Working from the listing below, set down every line exactly.
┌────────
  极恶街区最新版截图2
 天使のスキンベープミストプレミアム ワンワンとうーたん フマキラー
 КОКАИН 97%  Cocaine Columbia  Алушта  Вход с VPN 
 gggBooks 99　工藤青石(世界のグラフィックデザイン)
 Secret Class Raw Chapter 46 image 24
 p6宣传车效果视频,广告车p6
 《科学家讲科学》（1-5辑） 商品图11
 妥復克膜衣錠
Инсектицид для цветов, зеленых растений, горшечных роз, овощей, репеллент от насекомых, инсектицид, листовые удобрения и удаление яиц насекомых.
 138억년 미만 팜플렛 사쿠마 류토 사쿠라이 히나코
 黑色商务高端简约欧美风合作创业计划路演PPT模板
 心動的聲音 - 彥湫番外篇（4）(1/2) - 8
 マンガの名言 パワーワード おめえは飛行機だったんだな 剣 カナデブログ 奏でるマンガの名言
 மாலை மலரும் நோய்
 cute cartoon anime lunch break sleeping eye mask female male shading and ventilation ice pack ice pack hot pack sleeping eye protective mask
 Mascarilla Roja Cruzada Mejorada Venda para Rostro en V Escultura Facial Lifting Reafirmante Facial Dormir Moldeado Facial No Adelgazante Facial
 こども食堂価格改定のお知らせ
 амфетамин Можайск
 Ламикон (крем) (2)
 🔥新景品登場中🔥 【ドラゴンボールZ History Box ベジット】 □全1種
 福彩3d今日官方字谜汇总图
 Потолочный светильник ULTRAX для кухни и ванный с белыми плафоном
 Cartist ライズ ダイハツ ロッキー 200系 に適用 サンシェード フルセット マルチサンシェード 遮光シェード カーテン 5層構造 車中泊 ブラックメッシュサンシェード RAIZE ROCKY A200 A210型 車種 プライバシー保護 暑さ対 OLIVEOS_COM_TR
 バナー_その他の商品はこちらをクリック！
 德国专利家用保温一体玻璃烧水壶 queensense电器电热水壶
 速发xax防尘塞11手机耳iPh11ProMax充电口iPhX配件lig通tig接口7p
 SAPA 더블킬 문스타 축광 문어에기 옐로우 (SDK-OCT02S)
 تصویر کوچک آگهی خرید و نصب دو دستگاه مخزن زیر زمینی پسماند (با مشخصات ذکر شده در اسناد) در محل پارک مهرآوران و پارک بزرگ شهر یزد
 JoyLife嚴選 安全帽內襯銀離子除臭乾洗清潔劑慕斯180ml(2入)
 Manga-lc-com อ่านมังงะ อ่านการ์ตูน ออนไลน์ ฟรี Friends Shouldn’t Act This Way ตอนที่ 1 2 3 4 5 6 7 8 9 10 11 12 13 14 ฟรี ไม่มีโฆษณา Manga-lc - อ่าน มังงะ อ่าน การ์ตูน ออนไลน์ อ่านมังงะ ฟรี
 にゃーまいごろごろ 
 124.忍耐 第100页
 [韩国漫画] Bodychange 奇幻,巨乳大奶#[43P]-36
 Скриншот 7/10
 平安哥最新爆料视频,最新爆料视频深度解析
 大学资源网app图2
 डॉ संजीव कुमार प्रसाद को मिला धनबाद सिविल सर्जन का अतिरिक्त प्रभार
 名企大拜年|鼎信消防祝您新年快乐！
└────────
■ **ANSWER**
  极恶街区最新版截图2
 天使のスキンベープミストプレミアム ワンワンとうーたん フマキラー
 КОКАИН 97%  Cocaine Columbia  Алушта  Вход с VPN 
 gggBooks 99　工藤青石(世界のグラフィックデザイン)
 Secret Class Raw Chapter 46 image 24
 p6宣传车效果视频,广告车p6
 《科学家讲科学》（1-5辑） 商品图11
 妥復克膜衣錠
Инсектицид для цветов, зеленых растений, горшечных роз, овощей, репеллент от насекомых, инсектицид, листовые удобрения и удаление яиц насекомых.
 138억년 미만 팜플렛 사쿠마 류토 사쿠라이 히나코
 黑色商务高端简约欧美风合作创业计划路演PPT模板
 心動的聲音 - 彥湫番外篇（4）(1/2) - 8
 マンガの名言 パワーワード おめえは飛行機だったんだな 剣 カナデブログ 奏でるマンガの名言
 மாலை மலரும் நோய்
 cute cartoon anime lunch break sleeping eye mask female male shading and ventilation ice pack ice pack hot pack sleeping eye protective mask
 Mascarilla Roja Cruzada Mejorada Venda para Rostro en V Escultura Facial Lifting Reafirmante Facial Dormir Moldeado Facial No Adelgazante Facial
 こども食堂価格改定のお知らせ
 амфетамин Можайск
 Ламикон (крем) (2)
 🔥新景品登場中🔥 【ドラゴンボールZ History Box ベジット】 □全1種
 福彩3d今日官方字谜汇总图
 Потолочный светильник ULTRAX для кухни и ванный с белыми плафоном
 Cartist ライズ ダイハツ ロッキー 200系 に適用 サンシェード フルセット マルチサンシェード 遮光シェード カーテン 5層構造 車中泊 ブラックメッシュサンシェード RAIZE ROCKY A200 A210型 車種 プライバシー保護 暑さ対 OLIVEOS_COM_TR
 バナー_その他の商品はこちらをクリック！
 德国专利家用保温一体玻璃烧水壶 queensense电器电热水壶
 速发xax防尘塞11手机耳iPh11ProMax充电口iPhX配件lig通tig接口7p
 SAPA 더블킬 문스타 축광 문어에기 옐로우 (SDK-OCT02S)
 تصویر کوچک آگهی خرید و نصب دو دستگاه مخزن زیر زمینی پسماند (با مشخصات ذکر شده در اسناد) در محل پارک مهرآوران و پارک بزرگ شهر یزد
 JoyLife嚴選 安全帽內襯銀離子除臭乾洗清潔劑慕斯180ml(2入)
 Manga-lc-com อ่านมังงะ อ่านการ์ตูน ออนไลน์ ฟรี Friends Shouldn’t Act This Way ตอนที่ 1 2 3 4 5 6 7 8 9 10 11 12 13 14 ฟรี ไม่มีโฆษณา Manga-lc - อ่าน มังงะ อ่าน การ์ตูน ออนไลน์ อ่านมังงะ ฟรี
 にゃーまいごろごろ 
 124.忍耐 第100页
 [韩国漫画] Bodychange 奇幻,巨乳大奶#[43P]-36
 Скриншот 7/10
 平安哥最新爆料视频,最新爆料视频深度解析
 大学资源网app图2
 डॉ संजीव कुमार प्रसाद को मिला धनबाद सिविल सर्जन का अतिरिक्त प्रभार
 名企大拜年|鼎信消防祝您新年快乐！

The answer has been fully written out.